Beginner’s Bond: Moonraker
The “Beginner’s Bond” series chronicles my quest to close the largest gap in my personal film history: the James Bond franchise. I have been watching all of the 007 films in order… Well, I had been, until I got to here. When I reached the end of The Spy Who Loved Me, the next movie recommended by the Prime algorithm was For Your Eyes Only, which I foolishly assumed to be the next movie in the series. Why else would it be suggested to me at that moment?
I accidentally skipped over 1979’s Moonraker, but I’m really glad I came back for it. It’s definitely my favorite film from the Roger Moore era so far. This movie completely surrenders itself to the ridiculousness of a Saturday morning cartoon, and the result is a delightful sci-fi dessert of a movie. Not very substantive, but plenty of fun.
The title refers to a space shuttle that is hijacked in mid-flight and disappears without a trace. 007 is sent to investigate, and is almost immediately thrown out of a plane by Jaws. He wrestles a guy in midair to steal his parachute, a scene I have witnessed countless references to. Jaws survives the fall and is instantly smitten with a pretty girl that comes to check on him, an affection that seems to be reciprocated. When he shows up at Drax Industries asking questions, the villain attempts to murder Mr. Bond with a centrifuge. There are two delightfully ridiculous boat chases (one in a gondola!), a fight scene in a museum full of ancient glasswork waiting to be shattered, men getting defenestrated left and right—even a third act heel turn from Jaws. The series gets its second space station evil lair, and its third “exterminate humanity and start over” variety of villainous plot. We get to see a small army of armed astronauts assault a space station with laser rifles, and it’s a pretty awesome action set piece. Hugo Drax is such a creepy weirdo, a wannabe emperor with delusions of grandeur—being expelled into the void like debris is a fitting end for him. And just before the credits roll, we learn that Commander James Bond of Her Majesty’s Secret Service is the first man to get laid in space. Who else was gonna do it?

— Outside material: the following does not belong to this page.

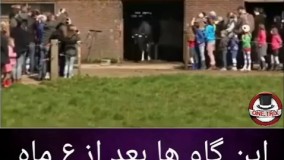 گاوهایی که بعداز 6 ماه علف دیدن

I still think James Bond is the most entertaining when he skates right on the edge of science fiction—two or three plausible but imaginative gadgets, maybe an impossibly well-armed vehicle, and the occasional jaunt into space. The promise is made in the very first scene, yet it never feels like the movie is in a rush to get there. It has plenty of interesting things to show you along the way.
Moonraker isn’t a brilliant film, but it is a good time. Up next is Octopussy, which wins the award for most bizarre title so far. I can’t wait (or am I terrified?) to find out what it means.